Germán García formó una parte importante de mi vida, diría decisiva. Lo conocí a través del escritor Fernando de Giovani, a mediados del sesenta, cuando todos publicaban en la editorial de Jorge Álvarez.
Eso era cuando Germán todavía era un librero en Faustito, una pequeña sucursal en la calle Corrientes. Fuimos muchos los que trabajamos en las librerías Fausto de la calle Corrientes, Eduardo Stupía, Arturo Carrera, Luis Tedesco, el poeta Mario Trejo, el gran traductor Carlos Gardini, Horacio García. Muchos ya no están, como ya no están esas librerías, cosas de otros tiempos. No es nostalgia, es real.

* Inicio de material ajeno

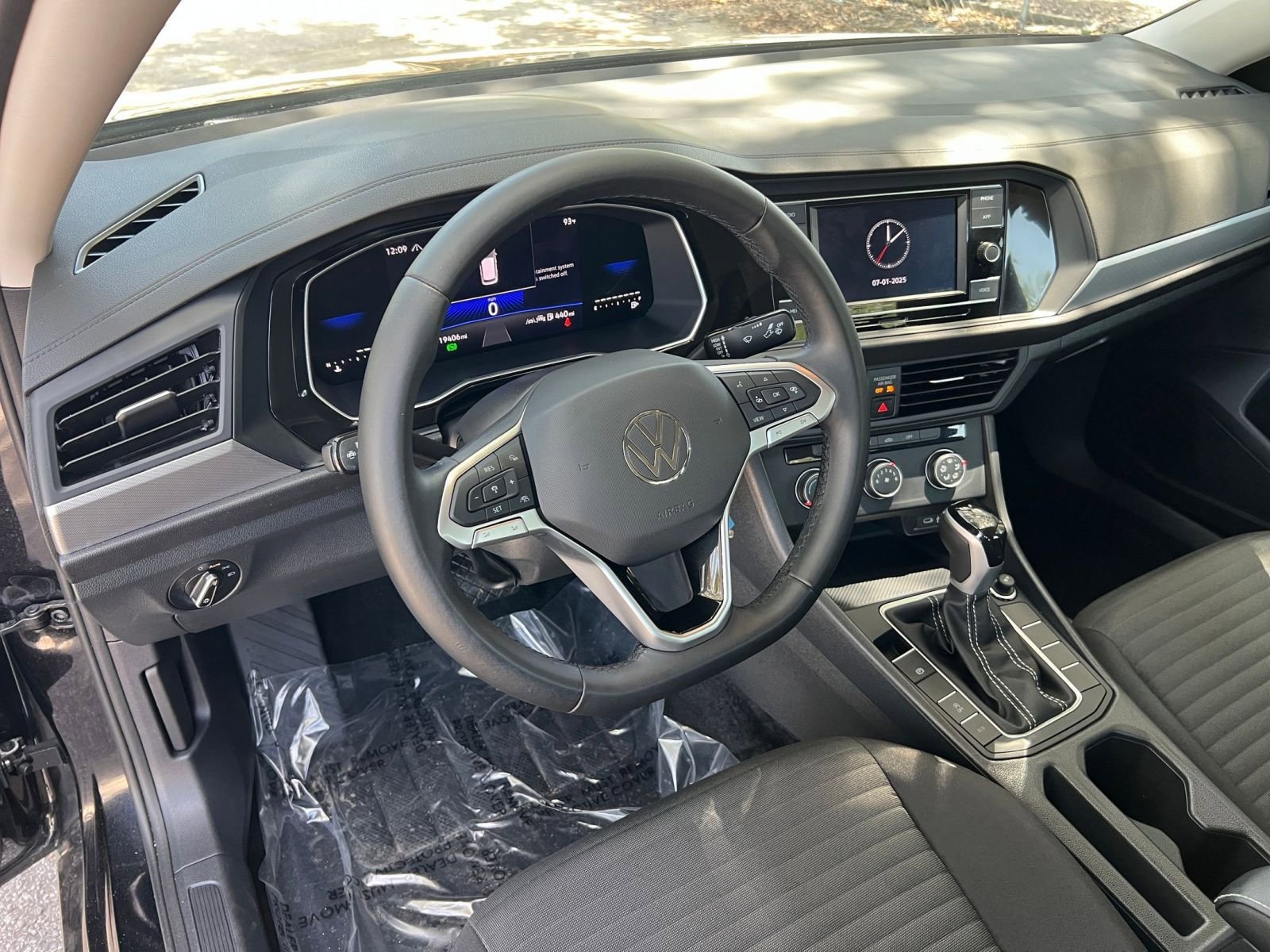 Thumbnail: 2024 Volkswagen Jetta - 29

Creo que la literatura fue injusta con él. La aparición fulgurante de Nanina (la revista Life fue a hacerle una nota a Junín) lo redujo a ese primer libro. No es la primera vez, ni será la última. Sin embargo, paradójicamente, su libro: Cancha Rayada, con menos difusión, fue prohibido en todo el país, por atentar contra los símbolos patrios. Con el transcurso de los años, se lo leyó como ensayista, y psicoanalista, y su literatura quedo en un segundo plano. La última vez que hablamos, me dio a entender que él sabía de ese malentendido que es la historia de la literatura. Pero que eso, no le había impedido seguir escribiendo.
Ya cuando se hizo la edición facsimilar de la revista Literal, dije públicamente que la revista era una invención de German. El nombre se lo puso él. Los demás acompañábamos, incluso Osvaldo.
En los tiempos de Literal éramos un trío inseparable. Después seguimos la revista con Germán. Años más tarde también nosotros dos, nos distanciamos. Esas diferencias pertenecen a la discreción que impone la amistad.
Me piden que recuerde una anécdota, no es moral; es lógico. La muerte siempre exige un relato. André Gide lo sabía: “Escribir es poner algo a salvo de la muerte”. En momentos como este, cualquier cosa se vuelve un poco disonante. No es el pedido, es la circunstancia. Pero recuerdo un hecho tan inusual entre nosotros, hasta el punto que sucedió una sola vez. Un partido de fútbol en el parque Lezama frente a su casa. De cuatro. Horacio García y Germán, contra Luis Thonis (jugaba muy bien, y mientras tanto te contaba Deleuze) y yo.
No recuerdo haber hablado con Germán de fútbol. Quizás, como esos personajes de Arthur Schopenhauer hablábamos de: el amor, las mujeres, y la muerte. Es decir, parafraseando a Hamlet: “libros, libros, libros”. Éramos jóvenes.
La tristeza y el pesar se imponen más allá del tiempo transcurrido.